Tratemos da 1ª questão referente à 1ª infração disciplinar: violação (intencional) da suspensão preventiva automática prevista na conjugação dos cits. artigos 41º/1 e 39º/1, ao dar a citada entrevista no dia 01-11-2016, após o jogo e a expulsão de 29-10-2016.

A tal questão referem-se, em conjunto, os cits. factos provados sob os nºs 5 a 8.

Invoca o recorrente que a prova produzida no TAD seria fundamento, no mínimo, para criar dúvida razoável no TAD quanto a o recorrente saber que fora expulso do jogo (e que, assim, estaria automaticamente suspenso preventivamente para efeitos de exercício, em especial, das funções de representação no âmbito das competições desportivas), dado que saber da sua expulsão é pressuposto subjetivo de base para a existência objetiva e subjetiva das infrações disciplinares por que foi condenado.

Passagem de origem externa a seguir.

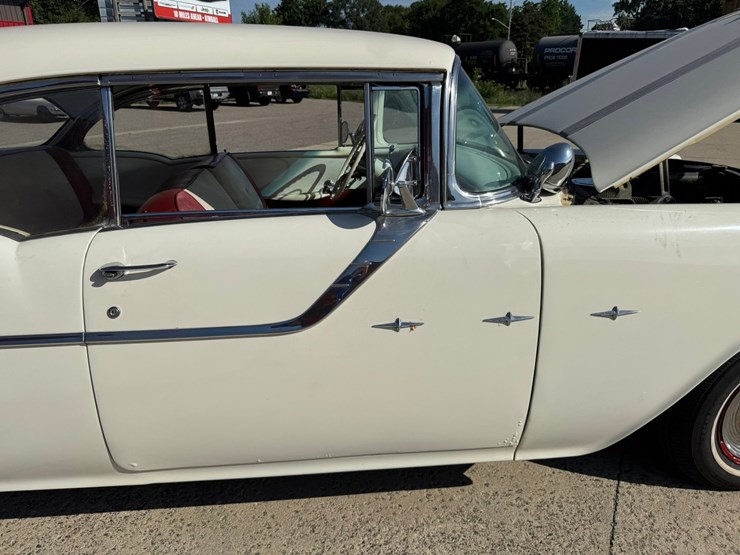 #1894-•-1955-pontiac-catalina-coupe-image-22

Releva aqui o artigo 13º/f) do RD/LPFP:

- O procedimento disciplinar regulado no presente Regulamento obedece aos seguintes princípios fundamentais: (…) presunção de veracidade dos factos constantes das declarações e relatórios da equipa de arbitragem e do delegado da Liga, e por eles percecionados no exercício das suas funções, enquanto a veracidade do seu conteúdo não for fundadamente posta em causa”.

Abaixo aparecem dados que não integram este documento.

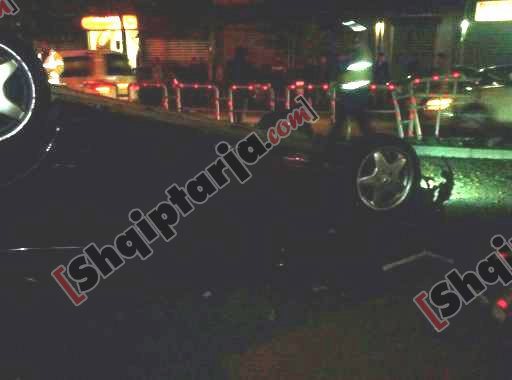 aksidenti makina me logo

Isto significa que o referido pela equipa de arbitragem (seja no relatório, seja noutras declarações) é (meio de) prova legal ou tarifada, ou seja, não é apreciado livremente pelo CD, nem pelo TAD; é considerado facto verdadeiro até que o órgão de disciplina ou o TAD concluam diferentemente, perante prova do contrário; é a chamada “prova plena”, como referido nos artigos 350º/2 e 347º do CC.

Ora, da prova testemunhal e dos documentos não resulta o contrário do referido pelo árbitro no seu relatório e depois deste.

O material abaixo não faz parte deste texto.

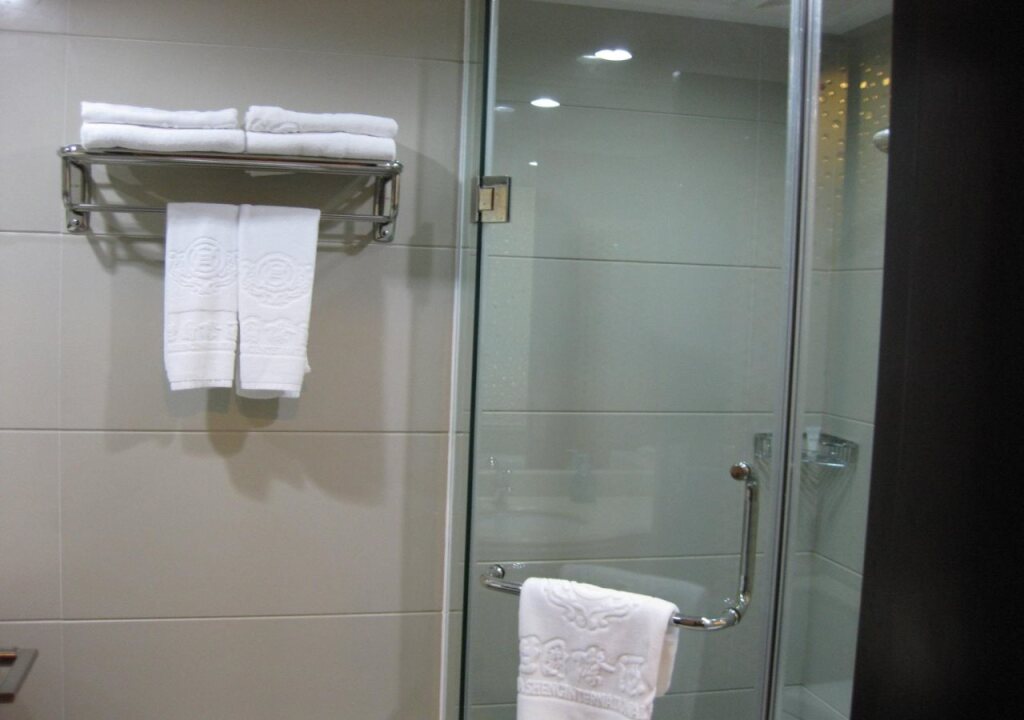 Лешан: Huasheng Hotel (Chanlin Hot Spring Silver Villa)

Em tais meios de prova constatamos meras dúvidas e vacuidades quanto à factualidade inerente ao conhecimento e dolo referidos na matéria de facto. Demasiado pouco para considerar que foi feita prova do contrário do referido pelo árbitro e traduzido nos cits. factos 5 a 8.

Aliás, na própria entrevista é o próprio arguido a exprimir que sabe da sua expulsão, pelo menos nesse momento da entrevista. Que é o relevante.

Portanto, ficou demonstrado que o ora recorrente sabia, aquando da entrevista (aqui o facto central), que estava suspenso preventivamente.

Concluímos, assim, que não houve erro de julgamento dos factos, aqui de um facto psíquico.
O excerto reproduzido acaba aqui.